= RAW DATA =
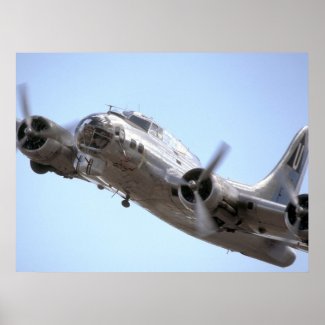 In On A Run -B17 Flying Fortress Poster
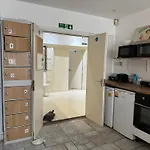 365 London Hostel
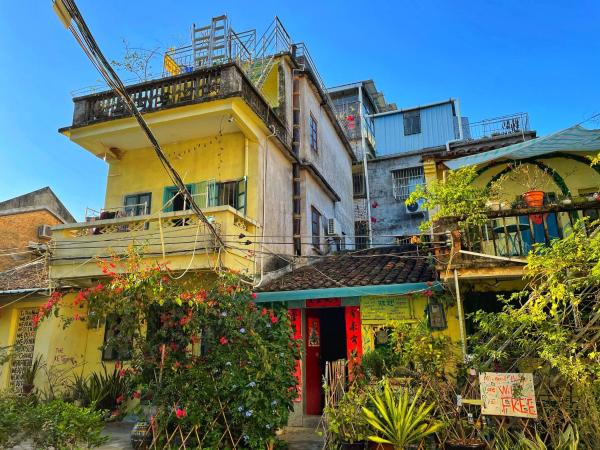På billedet ses objektet Yellow House Hostel Huizhou West Lake beliggende i byen Boluo.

= INSTRUCTIONS FOR THE TASK =
No image belongs in the copy. Transcribe the full listing verbatim.

= TASK RESULT =
 In On A Run -B17 Flying Fortress Poster
 365 London Hostel
På billedet ses objektet Yellow House Hostel Huizhou West Lake beliggende i byen Boluo.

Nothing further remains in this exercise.